2. The guy who played Clark Kent on ANY version of "Superman".
3. Bill Murray, circa 1980, also for obvious reasons.
4. "The Rock" in "The Scorpion King". (Because I hold my sword the same way)
5. Freddie Prinze Jr. in "Summercatch" when Jessica Beal is getting
out of the pool. (Well not really, but I could churn childbutter to
that scene everyday and not get tired of it.)
6. Richard Dean Anderson as MacGyver, in that sock commercial where he
slides down the zipline with a sock. Because I'm resourceful and can a
piece of chewing gum a pen and a ziplock bag into a bagpipe/bong.
7. Chevy Chase, also circa 1980. Self explanatory.

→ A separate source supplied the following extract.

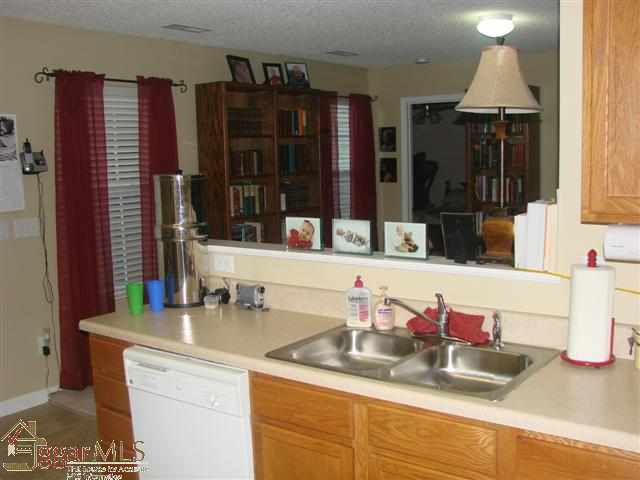164 Wickersham Way Easley, SC 29642 - Photo 6 of 15 Gallery Image 6
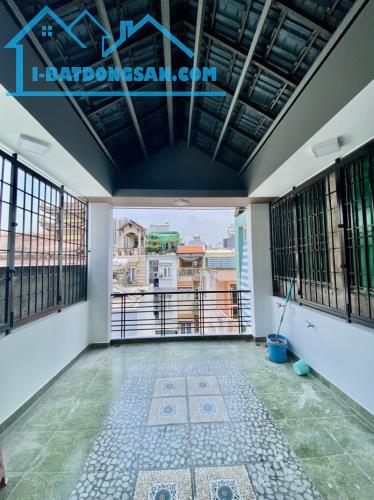 6.5 TỶ HƠN - NHÀ QUẬN 10 KẾ HỌC VIỆN HÀNH CHÍNH - 1 CĂN RA HXH - 35M2 4 TẦNG 3PN -VUÔNG A4 - 5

MEET MY NEIGHBOR (by TY WEBB)
My neighbor is a 37 year-old semi-retarded visibly disturbed
individual with a severe speech impediment, a nasty skin condition and
an unfortunate hairlip who still lives with his parents.
My neighbor has thusfar caused two single female parents with
young daughters to move out of the home across the street because he
is such a creep. He also approached my other neighbor and mentioned
that he notices they get a lot of packages delivered and he would be
happy to sign for them.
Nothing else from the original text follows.